How can you be giving all of you to the next one and not appreciating the love within yourself for yourself? Honestly, this is me to a degree. The more that I find myself loving this man I’m with, the more I’m realizing my own love for myself. The more he loves on me and professes his love for me, the more I quietly profess my love for myself. The more we lay together, body to body, pulling the harmonious, loving energy from each other, the more my heart gets lighter, feels purer, embraces his unconditional love that he is providing. Sometimes, it can take for you giving all of the love you have left to someone else, and them return that love ten fold to you, for you to realize just how much you have love for the person that you are. And once you realize that, honestly it opens you up to continue to love harder and deeper. It allows you to breathe again. Enjoy the little things once more, like before.

The heart is a vessel that needs constant attention. It needs to be massaged, talked to, loved, nurtured and developed. When it gets hurt or broken, it needs to be reassured, rebuilt, comforted and protected. If all these things are done, then you have a chance at finding true love again, otherwise, you continue to falter and have false starts. Sometimes you neglect to complete all these steps before you start looking for love. Usually, that’s when that someone helps you or pushes you to want to finish the work. Because you start to feel something on the inside that you want to let blossom into the beauty that it holds. It means taking control of the fear and uncertainty and reassuring yourself that this love won’t repeat the past failed love.

Take your time, take small steps, don’t try to over do it and allow the process to follow you.
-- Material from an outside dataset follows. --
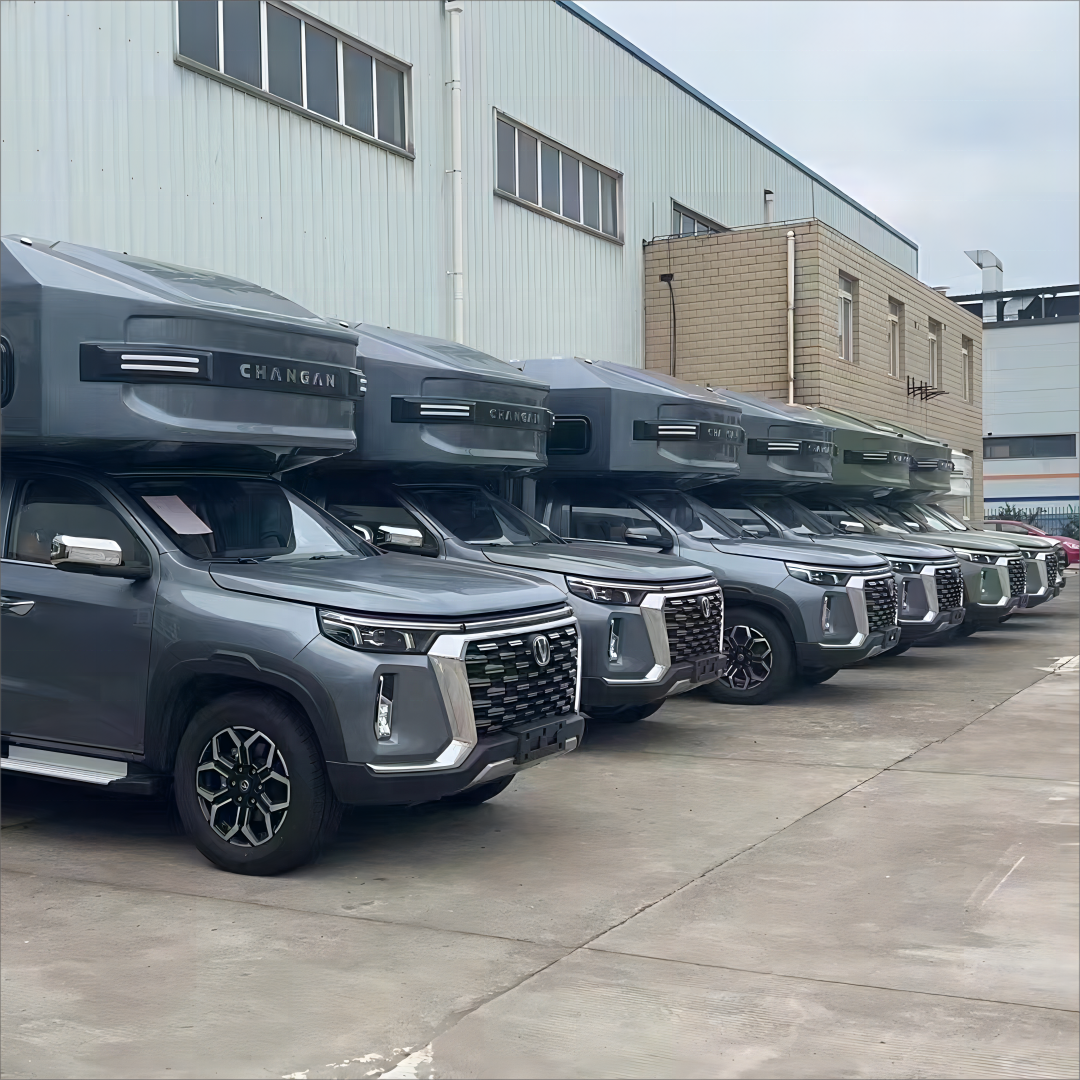 QXN RV Changan Fengjing Used Gasoline Turbo Engine Bus 6 Leather Seats Automatic Gearbox Hydraulic Steering System R16 Tire FWD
When you are genuine and intentional about healing and loving, it can be accomplished at the same time. Just understand that once the veins to the heart have been opened and blood is freely flowing, you are vulnerable and no longer in control. Make sure that the man or woman that you are giving this power to and embarking on this journey with, is worth the effort. If you’re assured of that, then gear up and enjoy the journey. It just may be the last one you need to take and the one that leaves you eternally satisfied.